Masyarakat yang berada di wilayah rentan, harus mempunyai daya adaptasi secara sosilogis dan rencana kedaruratan (kontigensi) agar bisa meminimalisasi dampak ketika ada bencana.
Degradasi lingkungan
Dari perspektif lingkungan banjir bandang di Masamba Kabupaten Luwu Utara Provinsi Sulawesi Selatan adalah bencana ekologis akibat degradasi lingkungan. Demikian menurut Direktur Eksekutif Junal Celebes Mustam Arif.
Hulu Daerah Aliran Sungai (DAS) Rongkong dengan berapa sungai di sub DAS Luwu Utara, terutama di Masamba dan sekitarnya tak mampu lagi menahan beban hidrologis di tanah yang tutupan hutannya yang sudah kritis.
Secara topografis, Luwu Utara, Luwu Timur, sebagian Toraja sampai ke wilayah Sulawesi Tengah merupakan perpaduan geologis wilayah dataran tinggi Verbeek dengan dataran-dataran rendah yang memiliki tanah subur.
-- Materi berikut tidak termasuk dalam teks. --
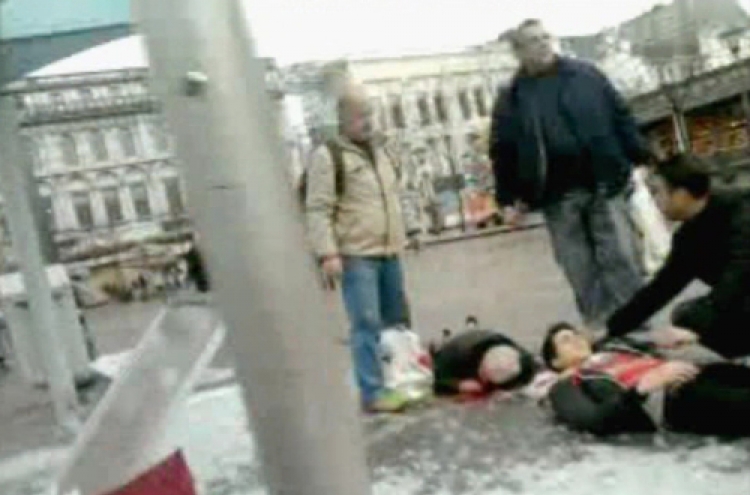 Belgium rampage; 5 dead, 122 wounded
Karakteristik tanah subur adalah tanah yang umumnya gembur mestinya tetap direkat oleh tubuhan atau pepohonan.
Tetapi ketika hutan dibuka untuk perkebunan/pertanian dan industri ekstraktif berupa tambang, akan merusak daya dukung ekologis kawasan tanah-tanah yang subur itu. Kondisi ini menciptakan kerentanan tinggi di wilayah-wilayah dataran rendah seperti di Masamba.
Topografi dan kondisi geologis
Masamba dikepung sungai. Di bagian selatan ada Sungai Rongkong yang besar, sementara tengah Kota Masamba sendiri berada di dataran rendah, serta kecamatan sekitarnya yang juga dilintasi beberapa sungai.
Kondisi ini membuat Masamba dan sekitarnya tergolong berada di areal yang rentan bencana banjir. Secara topografis, Masamba dan sekitarnya berada di titik terendah yang akan menjadi limpahan air ketika curah hujan melebihi batas ideal.
Saat wilayah ketinggian tidak mampu lagi menyimpan dan menahan air karena rusaknya daya dukung lingkungan, otomatis wilayah rendah akan menerima risiko. Di wilayah hulu DAS Rongkong tampak kritis ketika dipantau dari satelit, akibat pembukaan lahan perkebunan dan pertanian.
Dari segi Geologi, DAS Baliase sangat didominasi oleh formasi granit kambuno (83,05 %) dimana sifatnya kedap terhadap air, sehingga pada saat curah hujan yang tinggi air masuk ke dalam tanah dan terakumulasi pada dasar bebatuan yang kedap air sehingga menyebabkan terjadinya tanah longsor. Hal itu disampaikan Tim Investigasi Laboratorium DAS Fakultas Kehutanan Unhas Putri Fatimah Nurdin.
Ada pula ancaman longsor yang harus diwaspadai. Beberapa hari terakhir juga terekam kejadian gempa dengan titik episentrum dekat dengan kota Masamba (gempa terakhir 13 Juli 2020 dengan kekuatan 3.2 SR), hal ini juga berpotensi sebagai pemicu terjadinya longsor selain curah hujan tinggi.
Kita semua harus waspada dan saling mengingatkan. Sebelum terjadi bencana yang akan merugikan kita semua. Membangun tata ruang dengan memperhatikan lingkungan menjadi niscaya.